What is needed:
Working from the records below, repeat exactly the lines starting at the line that contains "Mountain valley at" and ending at the line that contains "9ct yellow gold", inclusive.

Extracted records
==*==

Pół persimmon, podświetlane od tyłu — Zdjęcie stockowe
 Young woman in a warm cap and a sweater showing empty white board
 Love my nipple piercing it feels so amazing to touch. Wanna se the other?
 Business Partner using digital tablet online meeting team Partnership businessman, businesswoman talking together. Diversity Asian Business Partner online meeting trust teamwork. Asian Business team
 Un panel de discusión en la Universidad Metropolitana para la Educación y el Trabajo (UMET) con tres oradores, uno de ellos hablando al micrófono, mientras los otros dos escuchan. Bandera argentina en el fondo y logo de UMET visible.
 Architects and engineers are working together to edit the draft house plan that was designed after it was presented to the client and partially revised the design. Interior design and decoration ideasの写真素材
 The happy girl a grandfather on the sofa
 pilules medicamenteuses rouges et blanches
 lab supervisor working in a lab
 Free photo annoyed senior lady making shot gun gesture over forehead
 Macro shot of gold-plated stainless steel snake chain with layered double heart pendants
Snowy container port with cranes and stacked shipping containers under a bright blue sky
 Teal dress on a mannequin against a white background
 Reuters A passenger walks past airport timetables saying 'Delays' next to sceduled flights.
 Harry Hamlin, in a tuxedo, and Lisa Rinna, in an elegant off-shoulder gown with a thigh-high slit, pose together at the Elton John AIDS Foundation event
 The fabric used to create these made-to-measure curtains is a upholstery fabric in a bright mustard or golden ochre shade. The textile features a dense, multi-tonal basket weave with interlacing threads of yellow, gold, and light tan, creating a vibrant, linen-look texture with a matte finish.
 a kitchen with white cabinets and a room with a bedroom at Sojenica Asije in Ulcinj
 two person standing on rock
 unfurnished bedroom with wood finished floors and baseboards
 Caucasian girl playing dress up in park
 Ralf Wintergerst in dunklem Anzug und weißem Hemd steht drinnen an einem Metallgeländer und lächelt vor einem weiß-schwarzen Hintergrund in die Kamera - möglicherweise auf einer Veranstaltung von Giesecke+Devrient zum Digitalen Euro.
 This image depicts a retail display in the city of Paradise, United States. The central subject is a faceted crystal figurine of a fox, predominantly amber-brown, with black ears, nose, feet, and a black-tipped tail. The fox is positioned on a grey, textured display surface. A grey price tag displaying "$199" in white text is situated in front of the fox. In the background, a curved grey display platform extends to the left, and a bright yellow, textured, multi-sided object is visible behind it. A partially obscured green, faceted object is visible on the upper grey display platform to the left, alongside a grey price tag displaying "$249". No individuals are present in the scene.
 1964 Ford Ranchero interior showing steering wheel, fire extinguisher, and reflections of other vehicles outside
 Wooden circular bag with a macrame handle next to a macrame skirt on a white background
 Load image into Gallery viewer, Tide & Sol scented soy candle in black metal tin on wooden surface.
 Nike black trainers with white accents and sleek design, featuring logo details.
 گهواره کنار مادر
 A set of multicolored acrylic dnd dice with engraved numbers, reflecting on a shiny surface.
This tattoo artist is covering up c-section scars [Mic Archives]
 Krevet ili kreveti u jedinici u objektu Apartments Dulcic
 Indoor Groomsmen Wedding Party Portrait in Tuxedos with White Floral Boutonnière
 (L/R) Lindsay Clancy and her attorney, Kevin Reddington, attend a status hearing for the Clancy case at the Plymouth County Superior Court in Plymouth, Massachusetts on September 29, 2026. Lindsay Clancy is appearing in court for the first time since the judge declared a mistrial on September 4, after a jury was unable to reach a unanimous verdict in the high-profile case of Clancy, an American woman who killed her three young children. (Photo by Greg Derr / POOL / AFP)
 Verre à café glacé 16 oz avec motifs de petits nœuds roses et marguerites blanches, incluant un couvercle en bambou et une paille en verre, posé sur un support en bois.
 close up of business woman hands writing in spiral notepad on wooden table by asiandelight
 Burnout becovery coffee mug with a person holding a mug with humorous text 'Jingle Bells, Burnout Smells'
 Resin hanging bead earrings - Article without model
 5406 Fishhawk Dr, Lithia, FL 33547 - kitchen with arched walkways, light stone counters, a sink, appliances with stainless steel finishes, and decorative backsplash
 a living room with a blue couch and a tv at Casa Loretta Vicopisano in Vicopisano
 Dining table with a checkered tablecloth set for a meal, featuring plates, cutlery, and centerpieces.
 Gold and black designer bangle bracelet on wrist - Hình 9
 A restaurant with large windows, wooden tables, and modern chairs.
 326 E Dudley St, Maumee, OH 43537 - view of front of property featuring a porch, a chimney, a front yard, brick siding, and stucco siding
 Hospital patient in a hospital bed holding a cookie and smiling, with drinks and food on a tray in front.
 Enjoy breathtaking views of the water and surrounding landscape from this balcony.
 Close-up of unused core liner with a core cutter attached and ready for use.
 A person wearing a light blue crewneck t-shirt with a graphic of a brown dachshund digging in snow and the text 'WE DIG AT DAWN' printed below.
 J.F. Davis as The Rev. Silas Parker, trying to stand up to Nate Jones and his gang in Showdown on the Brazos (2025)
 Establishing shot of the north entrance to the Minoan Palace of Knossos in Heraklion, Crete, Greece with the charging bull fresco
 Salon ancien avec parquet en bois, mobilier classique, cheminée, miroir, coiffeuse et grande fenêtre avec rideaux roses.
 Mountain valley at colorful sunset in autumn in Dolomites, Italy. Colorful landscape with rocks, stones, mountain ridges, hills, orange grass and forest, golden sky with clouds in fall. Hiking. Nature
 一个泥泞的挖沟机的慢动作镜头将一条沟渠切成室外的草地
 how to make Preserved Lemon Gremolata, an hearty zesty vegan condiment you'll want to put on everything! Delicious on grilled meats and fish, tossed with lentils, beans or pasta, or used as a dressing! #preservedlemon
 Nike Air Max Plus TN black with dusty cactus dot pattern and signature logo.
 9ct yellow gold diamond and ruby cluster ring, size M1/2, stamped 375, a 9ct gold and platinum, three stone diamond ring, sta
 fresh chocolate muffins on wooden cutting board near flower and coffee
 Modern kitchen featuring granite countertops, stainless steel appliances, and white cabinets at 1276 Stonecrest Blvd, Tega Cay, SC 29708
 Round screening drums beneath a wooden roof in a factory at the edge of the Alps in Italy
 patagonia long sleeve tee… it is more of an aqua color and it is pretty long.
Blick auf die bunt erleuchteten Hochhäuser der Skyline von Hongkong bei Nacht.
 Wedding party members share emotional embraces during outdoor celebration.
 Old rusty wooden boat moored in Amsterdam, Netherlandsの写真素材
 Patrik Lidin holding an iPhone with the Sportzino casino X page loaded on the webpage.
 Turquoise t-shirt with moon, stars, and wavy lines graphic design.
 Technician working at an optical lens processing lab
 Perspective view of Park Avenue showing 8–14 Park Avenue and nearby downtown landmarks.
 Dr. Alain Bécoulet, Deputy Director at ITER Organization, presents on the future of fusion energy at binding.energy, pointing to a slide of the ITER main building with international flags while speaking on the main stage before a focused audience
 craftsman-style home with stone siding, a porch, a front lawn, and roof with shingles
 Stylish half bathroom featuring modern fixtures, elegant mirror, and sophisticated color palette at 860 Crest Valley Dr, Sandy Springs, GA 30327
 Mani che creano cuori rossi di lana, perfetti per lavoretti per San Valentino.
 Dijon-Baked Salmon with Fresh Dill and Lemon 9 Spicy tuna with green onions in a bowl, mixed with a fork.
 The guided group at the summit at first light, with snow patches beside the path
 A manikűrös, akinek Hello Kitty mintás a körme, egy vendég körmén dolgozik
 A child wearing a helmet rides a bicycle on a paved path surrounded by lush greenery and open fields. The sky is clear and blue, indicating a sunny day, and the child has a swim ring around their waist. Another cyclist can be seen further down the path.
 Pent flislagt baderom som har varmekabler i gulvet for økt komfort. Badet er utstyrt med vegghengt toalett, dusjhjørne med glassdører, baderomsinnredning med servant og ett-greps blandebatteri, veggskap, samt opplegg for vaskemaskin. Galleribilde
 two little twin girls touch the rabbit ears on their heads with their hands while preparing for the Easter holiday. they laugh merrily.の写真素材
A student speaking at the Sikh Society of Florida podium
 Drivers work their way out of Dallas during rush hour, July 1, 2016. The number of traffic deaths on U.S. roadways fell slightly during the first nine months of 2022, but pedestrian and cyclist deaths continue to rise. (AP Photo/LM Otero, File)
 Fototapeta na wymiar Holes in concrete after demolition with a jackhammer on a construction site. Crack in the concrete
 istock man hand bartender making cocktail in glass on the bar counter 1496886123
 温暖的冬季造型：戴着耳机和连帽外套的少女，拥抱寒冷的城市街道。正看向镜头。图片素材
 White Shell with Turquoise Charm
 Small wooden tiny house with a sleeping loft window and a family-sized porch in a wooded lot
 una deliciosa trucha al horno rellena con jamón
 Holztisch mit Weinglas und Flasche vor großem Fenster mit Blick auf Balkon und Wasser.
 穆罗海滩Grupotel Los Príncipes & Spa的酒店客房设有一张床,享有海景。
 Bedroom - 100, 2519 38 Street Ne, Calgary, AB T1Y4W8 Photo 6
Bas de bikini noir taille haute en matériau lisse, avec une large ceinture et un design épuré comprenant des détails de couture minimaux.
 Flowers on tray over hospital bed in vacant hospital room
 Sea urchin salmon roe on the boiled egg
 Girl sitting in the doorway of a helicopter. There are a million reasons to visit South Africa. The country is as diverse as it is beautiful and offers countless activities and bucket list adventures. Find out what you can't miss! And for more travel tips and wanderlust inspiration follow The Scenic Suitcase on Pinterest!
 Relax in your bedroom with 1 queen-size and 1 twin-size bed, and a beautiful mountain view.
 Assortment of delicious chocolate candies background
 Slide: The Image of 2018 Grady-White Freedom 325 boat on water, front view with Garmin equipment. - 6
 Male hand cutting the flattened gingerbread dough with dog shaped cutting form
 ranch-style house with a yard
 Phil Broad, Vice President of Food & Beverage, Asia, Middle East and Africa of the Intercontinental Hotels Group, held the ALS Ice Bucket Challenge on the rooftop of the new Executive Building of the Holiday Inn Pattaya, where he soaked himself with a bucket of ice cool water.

==*==

Task answer:
 Mountain valley at colorful sunset in autumn in Dolomites, Italy. Colorful landscape with rocks, stones, mountain ridges, hills, orange grass and forest, golden sky with clouds in fall. Hiking. Nature
 一个泥泞的挖沟机的慢动作镜头将一条沟渠切成室外的草地
 how to make Preserved Lemon Gremolata, an hearty zesty vegan condiment you'll want to put on everything! Delicious on grilled meats and fish, tossed with lentils, beans or pasta, or used as a dressing! #preservedlemon
 Nike Air Max Plus TN black with dusty cactus dot pattern and signature logo.
 9ct yellow gold diamond and ruby cluster ring, size M1/2, stamped 375, a 9ct gold and platinum, three stone diamond ring, sta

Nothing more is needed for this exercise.